Jeanine, who herself speaks Dutch, German and English, is particularly interested in code-switching, or how people switch from one language to another. The meeting will look at psycholinguistics - how people with two or more languages retrieve words, or process language, and how they represent the two languages in their minds - as well as sociolinguistics: how and why speakers use more than one language in their everyday lives.

"It is rare to be equally fluent in two or more languages," she says. "More often, one language is used for one purpose, such as at work or school, while a second language is used at home. In each language people will have specific areas of competence which usually complement each other."

Delegates from 42 different countries are expected, including representatives from China, South Africa, Trinidad and Jamaica, who have been enabled to attend by a travel fund for delegates from the developing world.

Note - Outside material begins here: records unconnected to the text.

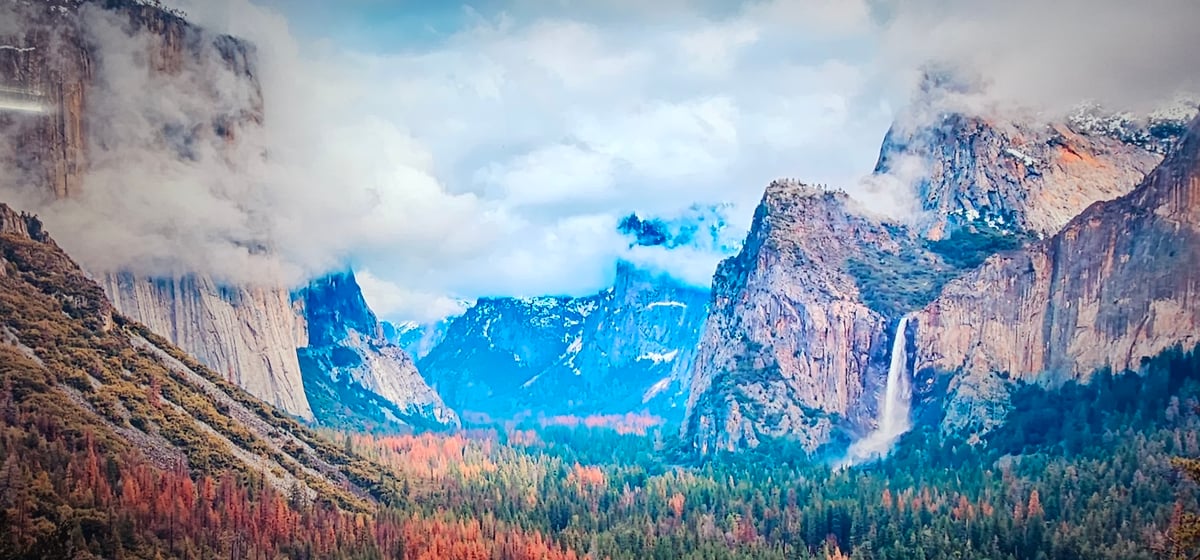 Observer captures valley cliffs and underwater geological scenes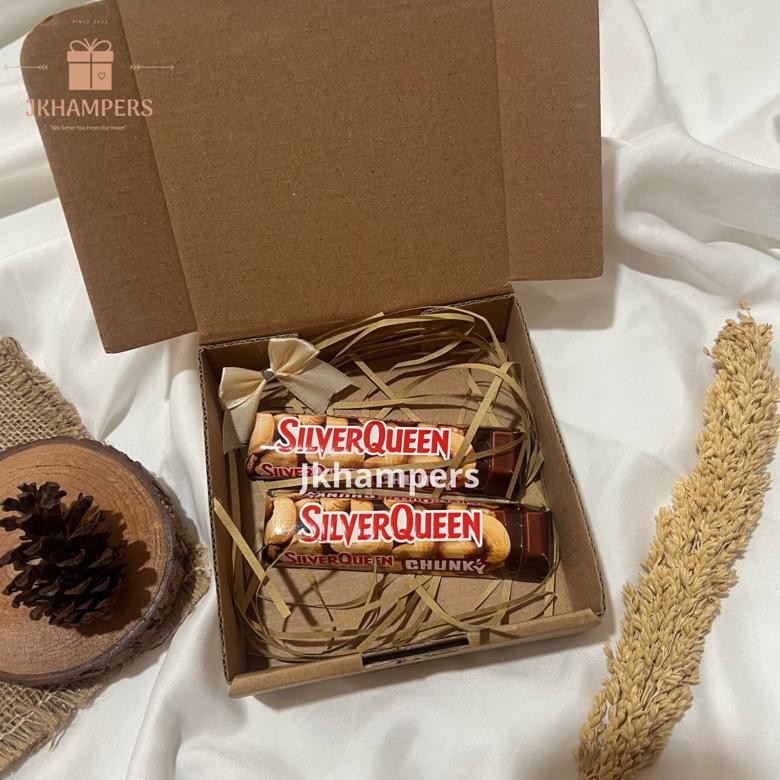 

fx-45 Silverqueen chunky Hampers coklat hampers cokelat hampers hadiah gift silverqueen kitkat hadiah wisuda hadiah ulang tahun cowok hadiah ulang tahun cewek hadiah ulang tahun cewek coklat cokelat Murah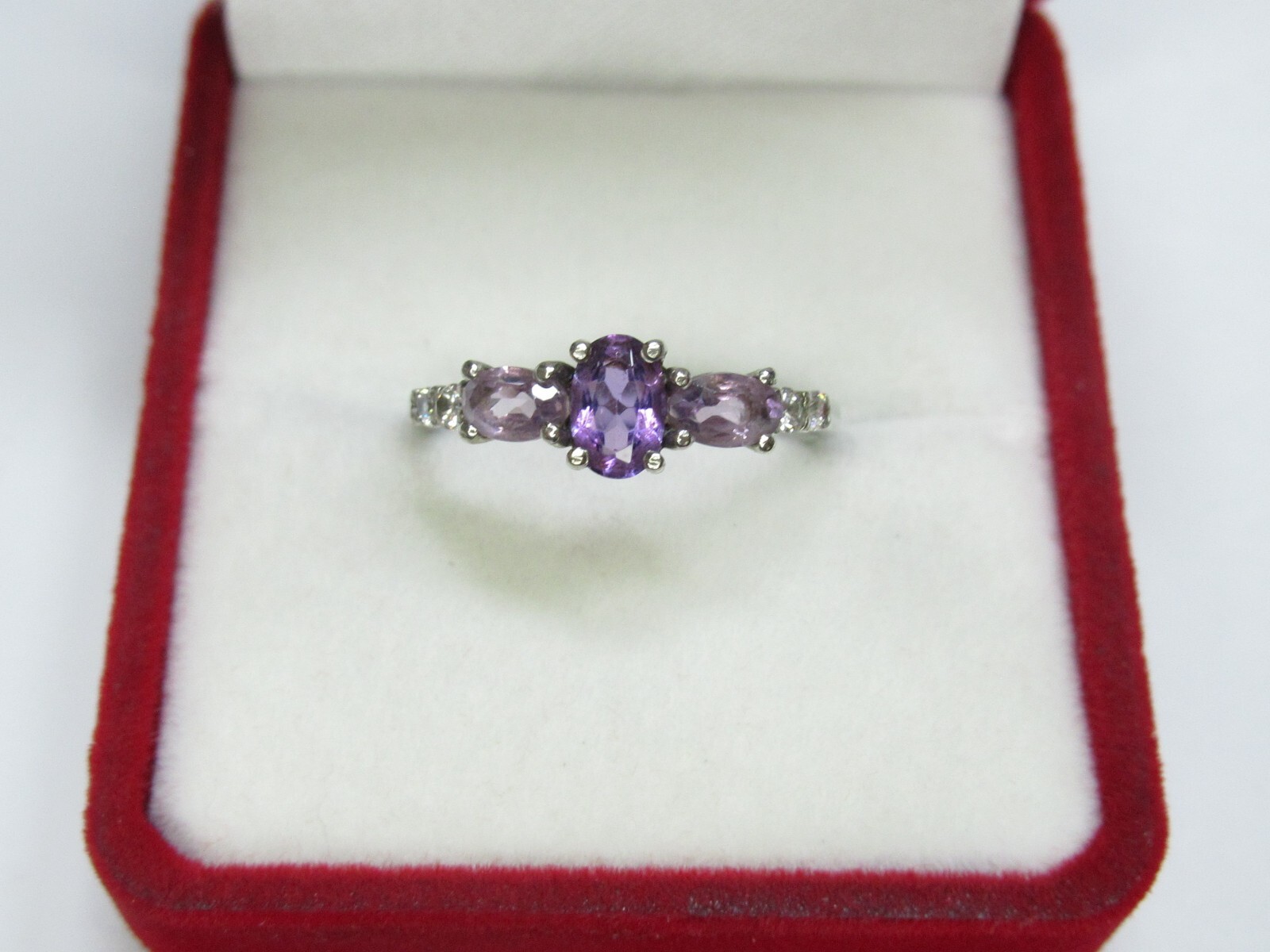 Women’s 925 sterling silver ring, amethyst, cubic zirconia, 1,51 gr, size 6,75.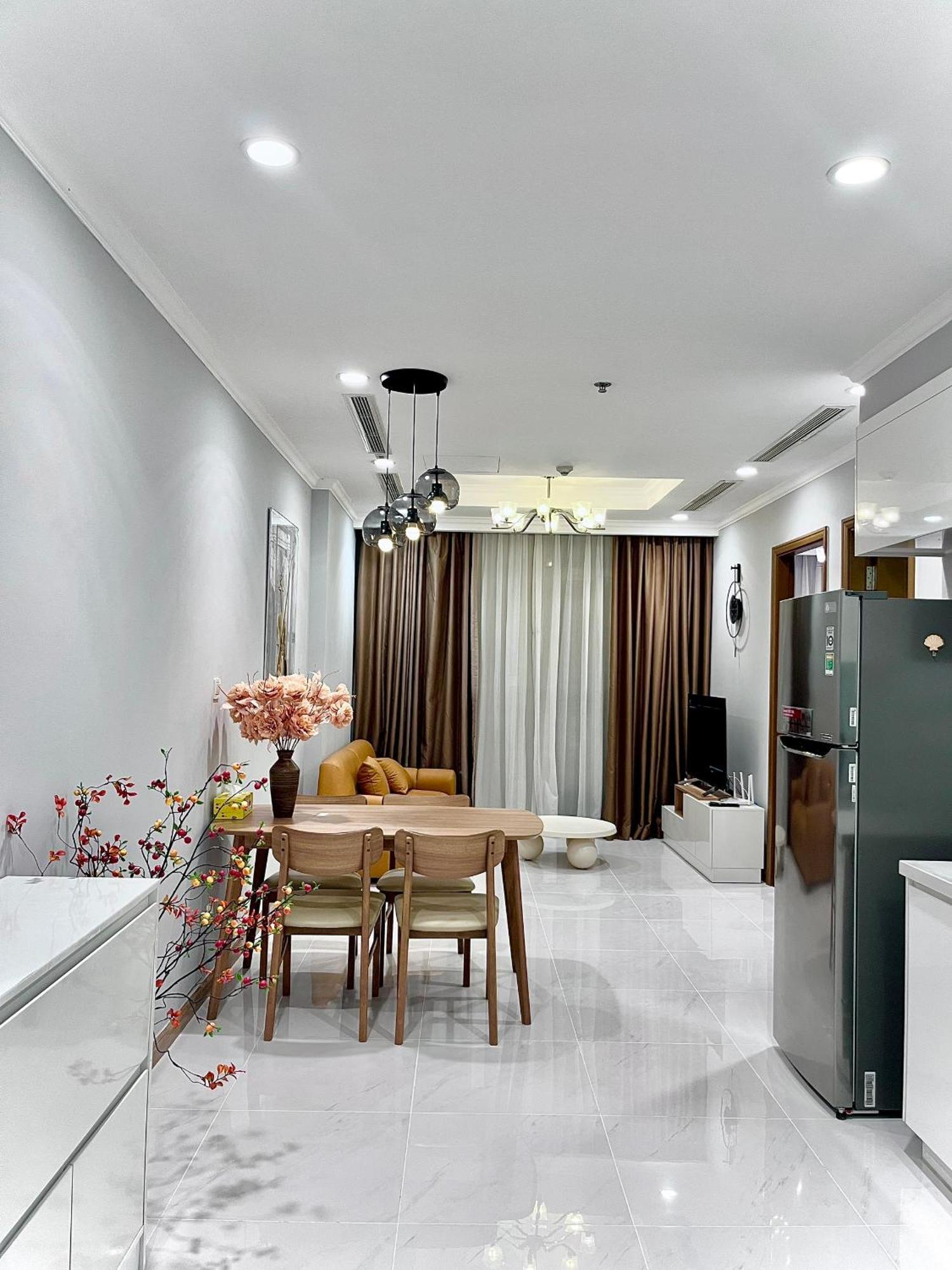 Vinhomes Luxury At Binh Thanh - Luna Landmark Apartment *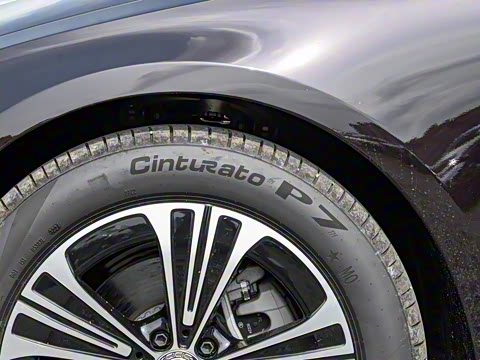 2025�� �Ŀ� E 260 L �˶���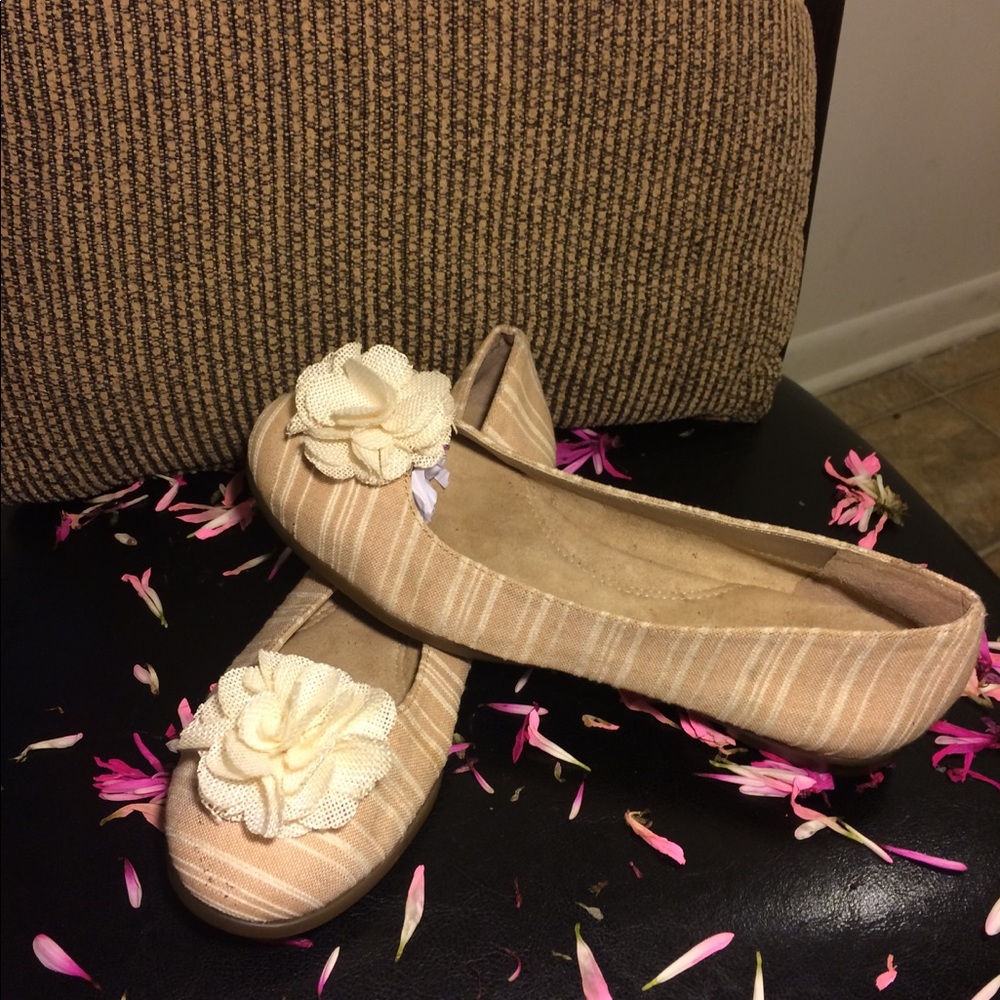 Aerosoles Ballets Flower 🌺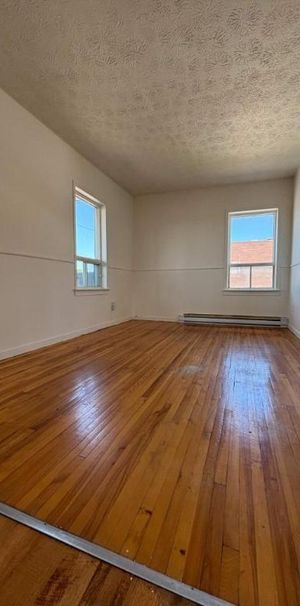 2 CH - 1 SDB - Windsor - $975 /mo - Photo 1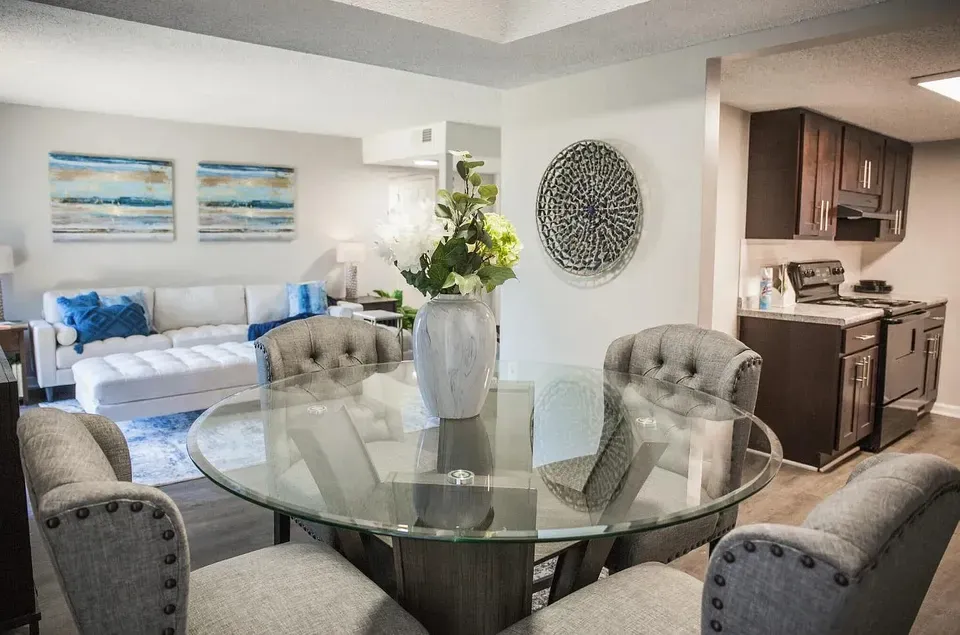 3 Bed 2 Bath Contemporary High-Rise Condo in Birmingham, AL - 2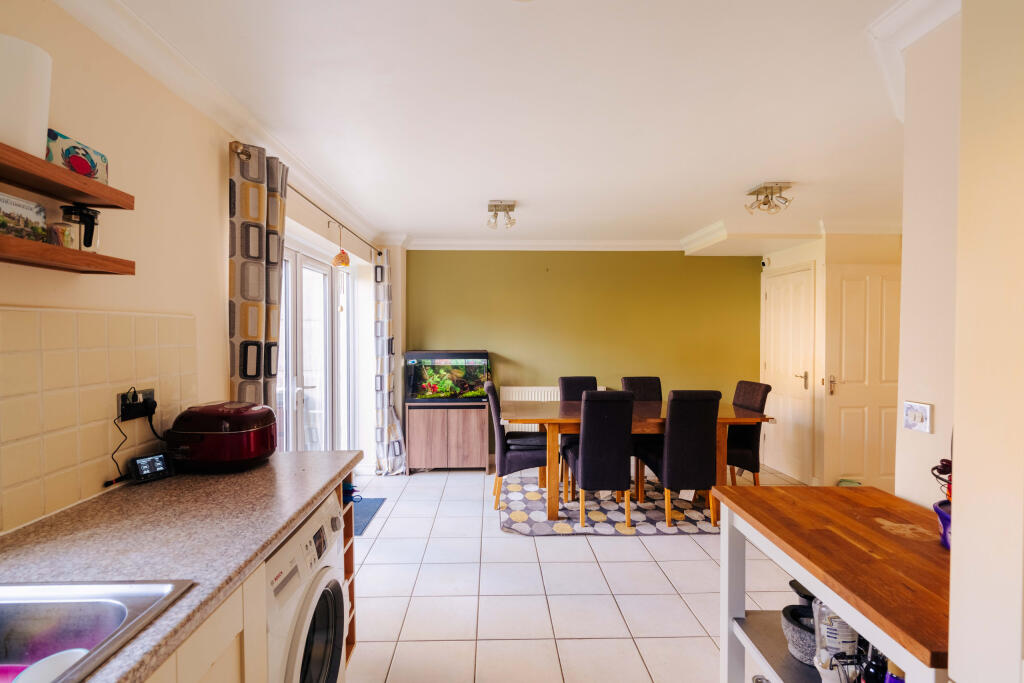 Strathearn Drive, Brentry photo 4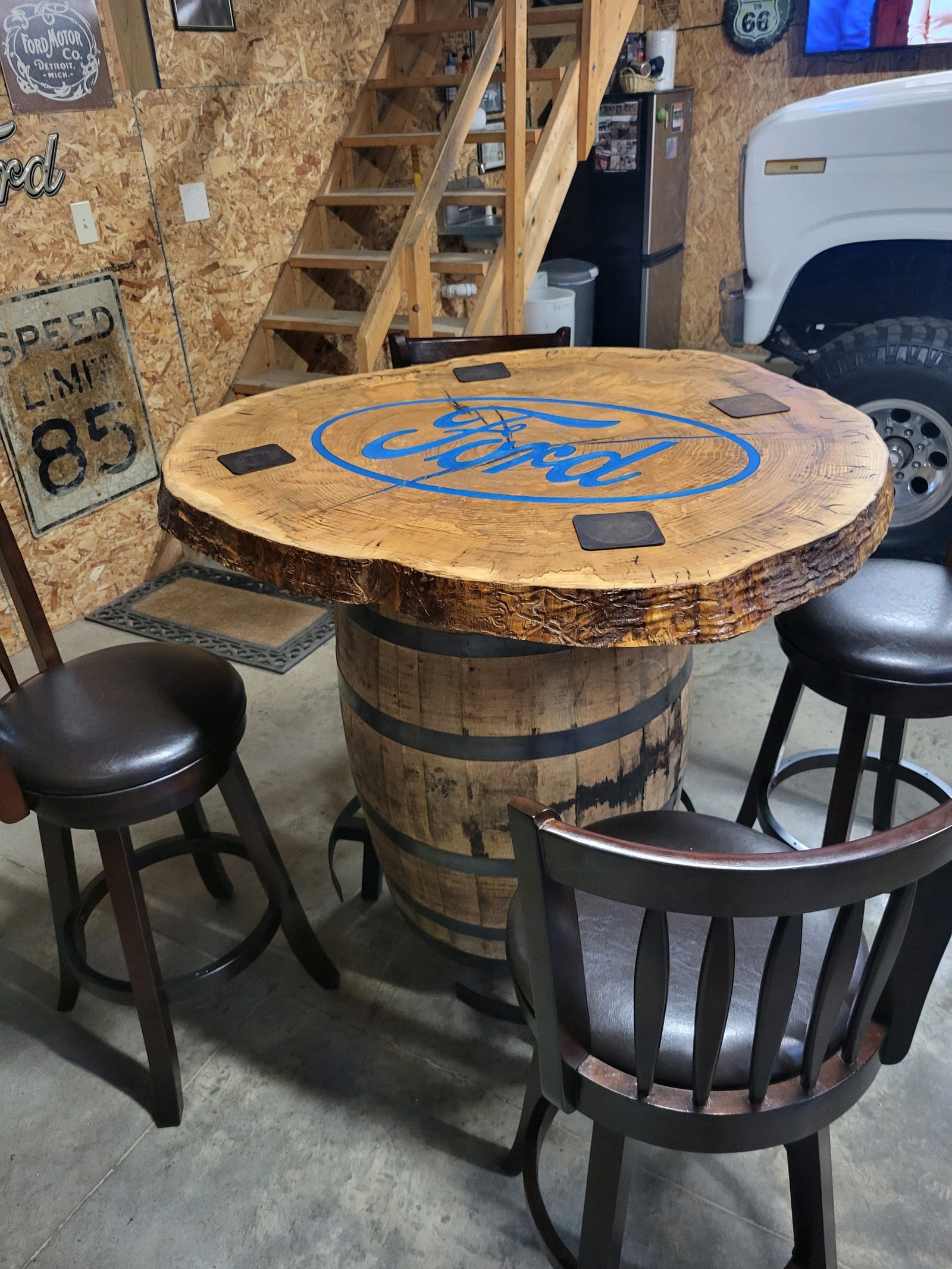 FORD EPOXY CIRCLE TABLE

Of the 5 - 6,000 languages currently in use in the world today, it is estimated that one is dying out each week. By the end of the 21st century, 90% of these languages may have ceased to exist.

However, one session on a minority language - Welsh - will show that intervention can prevent a language from dying out. By promoting it in schools, and setting up a dedicated TV channel, the market value of the language has been increased. It is now seen as not just a hobby, but as useful in commerce, education and the modern world.

The symposium will also consider language attrition - how people lose a language they knew as a child, if they move to a different country. Motivation and the efforts of the parents have a significant impact, as a survey of families living in Bristol with one parent who was either German and Dutch revealed.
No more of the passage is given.